Before that, I played in that YMCA league from T-ball on up, playing mostly shortstop, and loved it like nothing else. Our teams were never great, and somehow were always relegated the sponsors from the lower end of the spectrum, such as an obscure hardware store out near the county line, and we got the team colors nobody else wanted, like green shirts and brown hats. We were the team made up of kids from the other side of the tracks, and would often fall to the much better dressed power-house teams like Keim Realty, populated with players somehow recruited from other districts, despite the denial of the league organizers. Every once in a while, though, our ragged bunch of Bad News Bears would beat the kids from the nice side of town, making it all worthwhile.
When given the choice between playing soccer, flag football, or baseball, I chose baseball. And I was obsessed with being the best I could be. I’d bounce a tennis ball off of the garage door and field it, over and over again. Before that, I had one of those springy nets that I could bounce the ball off of for fielding practice, and I took grounders off of that until it finally fell apart. For fly-ball training, the sloped roof of the garage provided hours of workouts as I’d throw the ball up onto the peak and catch the ball as it rolled down and off of the roof.
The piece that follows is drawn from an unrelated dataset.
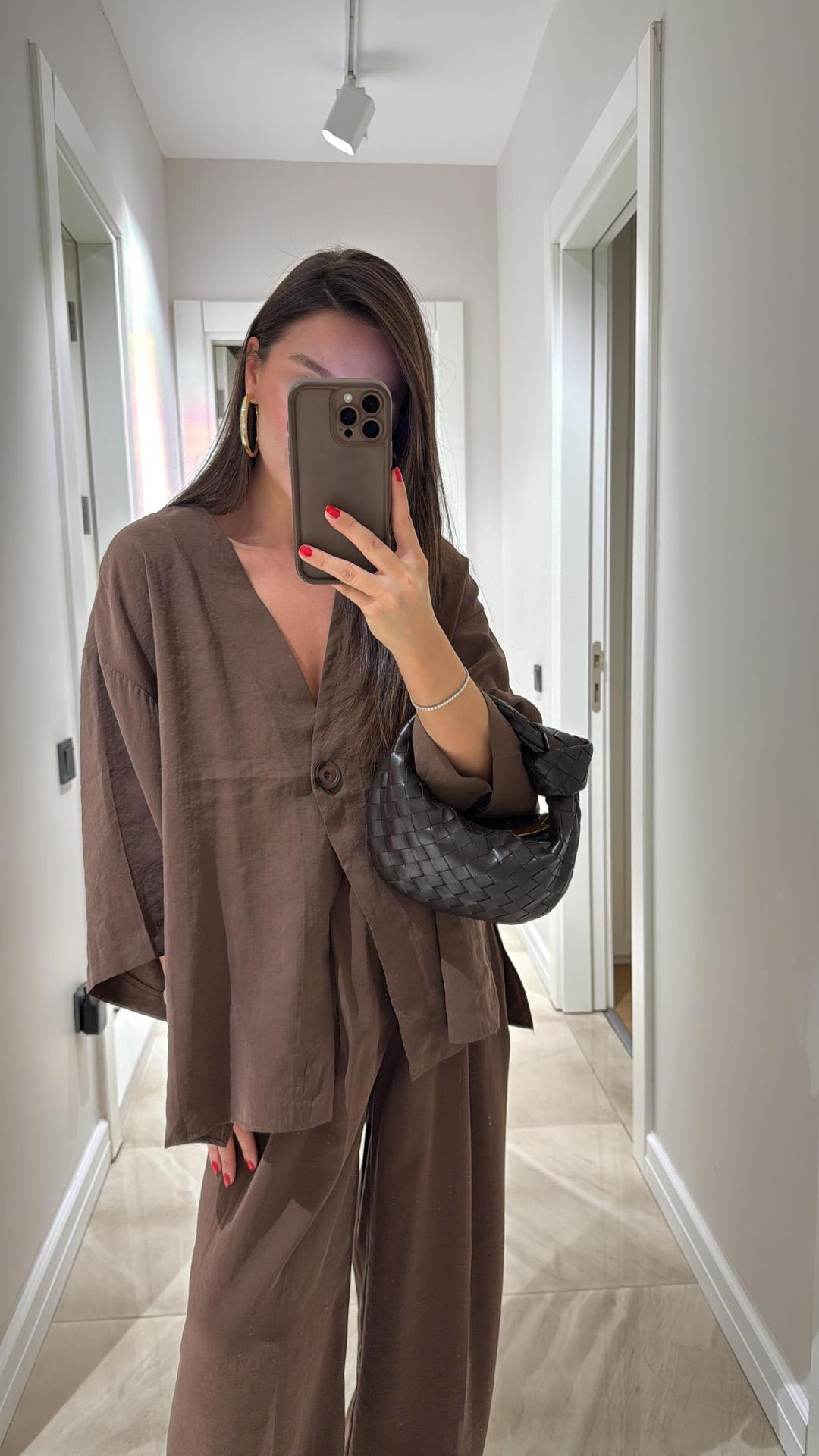 Effortless Elegance in Our Loose-Fit Long-Sleeve Top & High-Waisted Trousers Set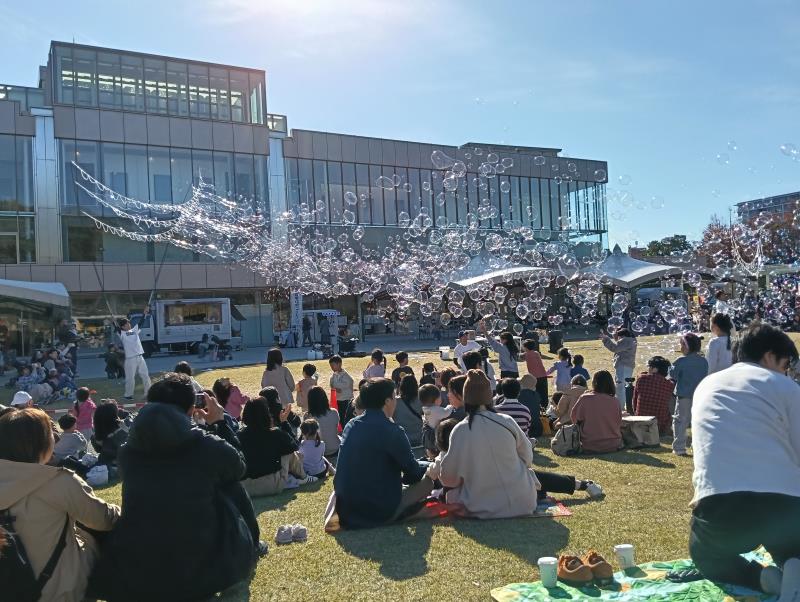 20251115_smiletree 虹色シャボン玉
I even rigged a hard ball on a rope from one of the old apple trees in our back yard to practice hitting with. My dad was the coach, just as his father coached him, so we had all the bats, balls, and other equipment which allowed me to practice all summer long.
And I practiced as much as I could.
Of course, as most kids do, I would wait for my dad to come home, exhausted from his job as a retail manager, so he could play catch with me. I know that he must have been tired, but he almost always would throw a couple hot grounders, fly balls, and hard tosses to me before it got dark — and sometimes it was a heavy shade of twilight when he would finally tell me “three more throws, and then back inside.”
I played the “Y” league until I was old enough to play on the junior high, and then high school teams. After high school, I played in every intramural softball or adult league team I could find until the demands of fatherhood years later eventually made playing ball a luxury my time could no longer afford.
When I was younger, I got to go to Tiger games at the old park quite a few times with my dad, and I would always buy a program and keep score, a habit I continue until this day every time I go to a game. I feel privileged to have been a guest there in the late '70s through the early '90s. And I’m happy to say that I went to a game in 1984, when the Tigers made all metro-Detroiters’ dreams come true in that magical wire to wire championship year. I’ve been to Comerica Park, and it’s nice, but Tiger Stadium had so much history and charm — it’s hard to think of the Tigers playing in their new modern-day park without pining a bit for the old days.
But, in baseball, as in life, things have to change, and one of those changes is that I don’t play much baseball any more. But I’m not sad.
This year, my son starts little league, after starting his career playing T-ball and machine pitch. So, I still get to play with him and show him the benefit of the baseball knowledge my grandfather and dad passed down to me in the Burgeson family sport — baseball.